HORIZONT Swiss Vor 9 Sieben Dinge, die Sie heute Morgen wissen sollten

Donnerstag, 19. Oktober 2017
Horizont Swiss vor 9-Motiv
Horizont Swiss vor 9-Motiv
© Schlierner - stock.adobe.com

Guten Morgen. Nicht schlecht: Der FC Basel hat gestern in Moskau gegen ZSKA Moskau 2:0 gewonnen – mit Toren von Xhaka und Oberlin. Es ist der erste Ausandsieg seit vier Jahren. Hier nun die Branchennews von HORIZONT Swiss:

1. Radio- und TV-Gebühren: Ab 2019 noch 365 Franken pro Jahr / Plafond für die SRG, mehr Geld für Private

Der Bundesrat senkt Radio- und TV-Gebühren von derzeit 451 auf neu 365 Franken pro Jahr – dies ab dem 1. Januar 2019.
Zudem begrenzt er die Gebühreneinnahmen der SRG auf 1,2 Milliarden Franken pro Jahr.

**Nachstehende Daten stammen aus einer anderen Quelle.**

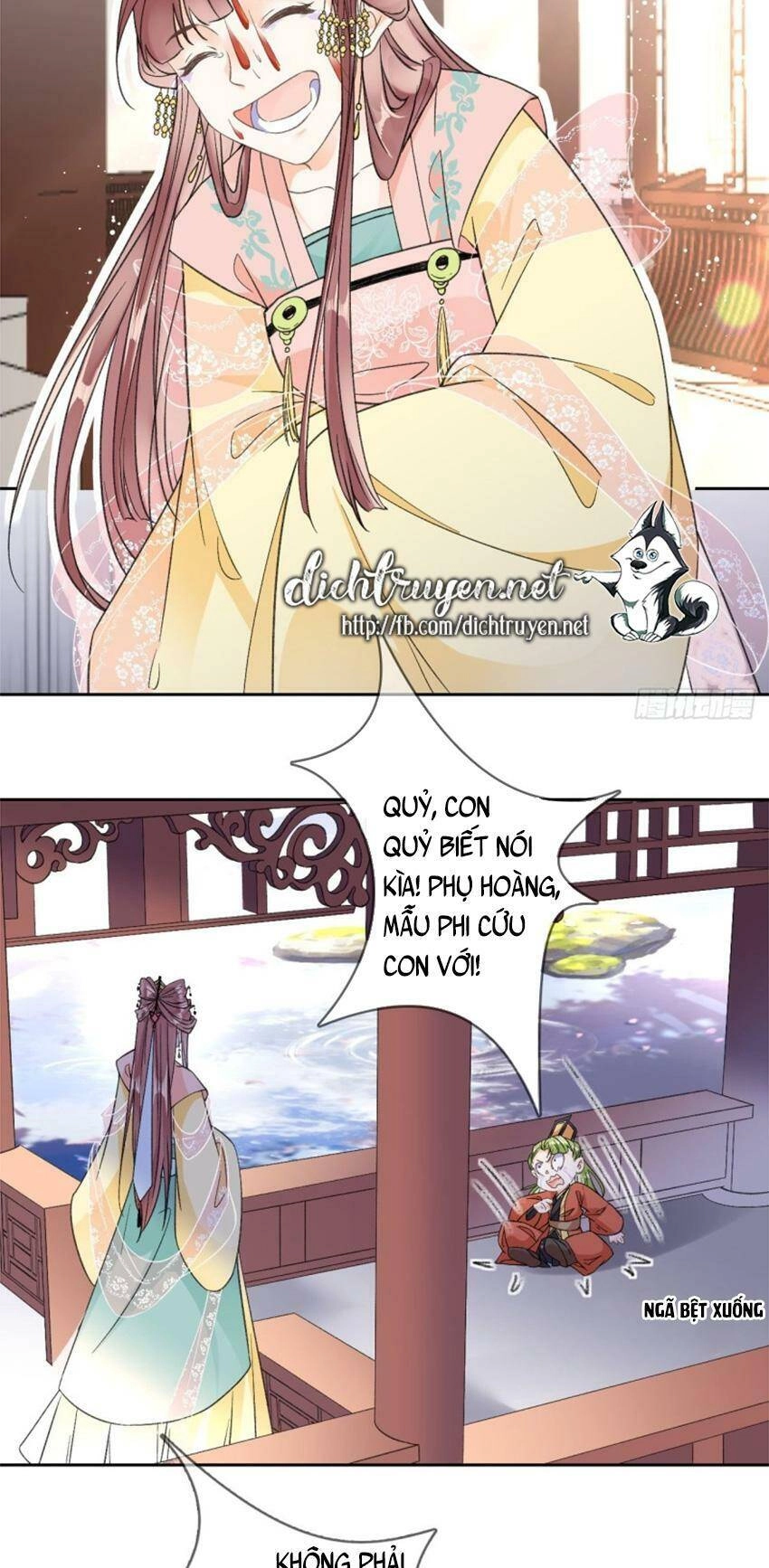 Tang Lạc Túy Tại Nam Phong Lý Chapter 84 - 21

2. Gebührensenkung: Gewerkschaft SSM besorgt, Verleger unzufrieden

Das Schweizer Syndikat Medienschaffender (SSM) befürchtet wegen der Senkung der Radio- und TV-gebühren "massive Konsequenzen für die Angestellten der SRG". Den Verlegern geht die Plafonierung der SRG-Einnahmen zu wenig weit.

3. Cover Media: "Und so funktioniert Radiowerbung"

Radiowerbung für Radiowerbung: In Eigeninitiative und auf eigene Rechnung konzipierte und produzierte der Radiovermarkter Cover Media vier Radiospots in Deutsch und Französisch,
die ab sofort allen Radiostationen kostenlos zur Verfügung gestellt werden.

4. Greenpeace: 300-Quadratmeter-Bild aus Sägemehl gegen Tempo-Taschentücher

Die Umweltschutzorganisation macht mit einem riesigen Sägemehl-Gemälde auf dem Basler Münsterplatz darauf aufmerksam,
dass Tempo-Papiertaschentücher und WC-Papier teilweise aus Holz aus schützenswerten Wäldern hergestellt werden.

5. Werbewirkungsforschung: Regionale Tageszeitungen für komplexe Werbung mit Tiefgang

Ob Vorsorge, Geldanlage oder Technik – nicht jedes Angebot ist in wenigen Sätzen oder mit einem kurzen Claim erklärt.
Dass sich für komplexe, erklärungsbedürftige Werbung besonders die regionale Tageszeitung eignet, belegt Vermarkter Score Media in einer Studie.

6. Treue Käufer: Warum die Consumer Influencer immer wichtiger werden

Soweit herrscht Konsens: Reichweite ist nicht die Währung im Influencer Marketing. Jetzt stürzen sich alle auf die Micro Influencer. Aber worum geht es dabei wirklich?
Den stärksten Impact auf die Marketing- und Vertriebsziele haben die treuen Produktkäufer.

7. Interview mit Uwe Kohrs: PR-Rat für härtere Gangart gegenüber Influencern und Content Marketing

Müssen Influencer und Blogger strenger an die Kandare genommen werden? Braucht es klarere Regeln für Content Marketing? Der Deutsche Rat für Public Relations (DRPR) ist dieser Meinung
und nimmt in seiner neu aufgelegten Online-Richtlinie Stellung zu Influencern und Co.